• **Data excerpt**:
◇ ◇ ◇ ◇ ◇ ◇ ◇
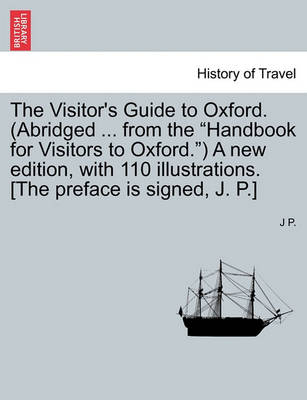 Book cover for The Visitor's Guide to Oxford. (Abridged ... from the "Handbook for Visitors to Oxford.") a New Edition, with 110 Illustrations. [The Preface Is Signed, J. P.]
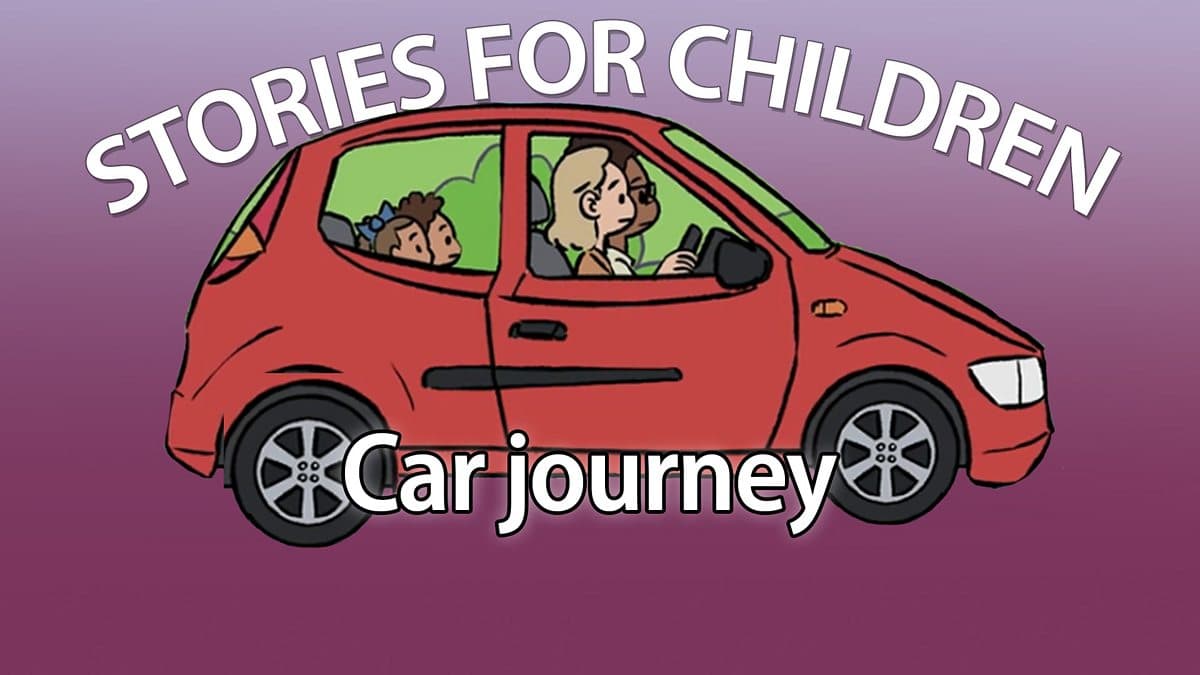 Stories for Children / Car journey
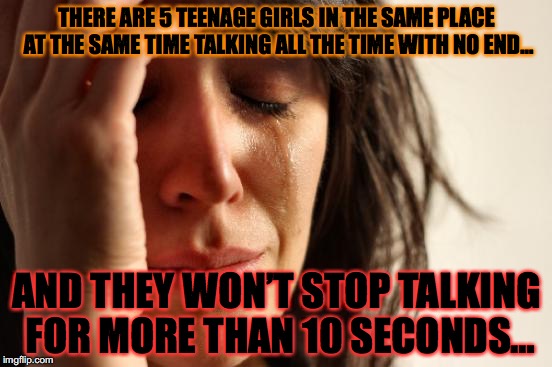 First World Problems Meme | THERE ARE 5 TEENAGE GIRLS IN THE SAME PLACE AT THE SAME TIME TALKING ALL THE TIME WITH NO END…; AND THEY WON’T STOP TALKING FOR MORE THAN 10 SECONDS… | image tagged in memes,first world problems | made w/ Imgflip meme maker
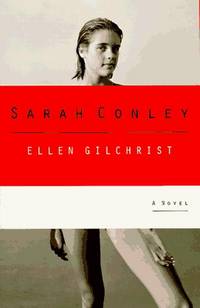SARAH CONLEY A Novel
◇ ◇ ◇ ◇ ◇ ◇ ◇
• **Your assignment**:
Return the full listing exactly as written, without any of its images.

• **Response to this exercise**:
 Book cover for The Visitor's Guide to Oxford. (Abridged ... from the "Handbook for Visitors to Oxford.") a New Edition, with 110 Illustrations. [The Preface Is Signed, J. P.]
 Stories for Children / Car journey
 First World Problems Meme | THERE ARE 5 TEENAGE GIRLS IN THE SAME PLACE AT THE SAME TIME TALKING ALL THE TIME WITH NO END…; AND THEY WON’T STOP TALKING FOR MORE THAN 10 SECONDS… | image tagged in memes,first world problems | made w/ Imgflip meme maker
SARAH CONLEY A Novel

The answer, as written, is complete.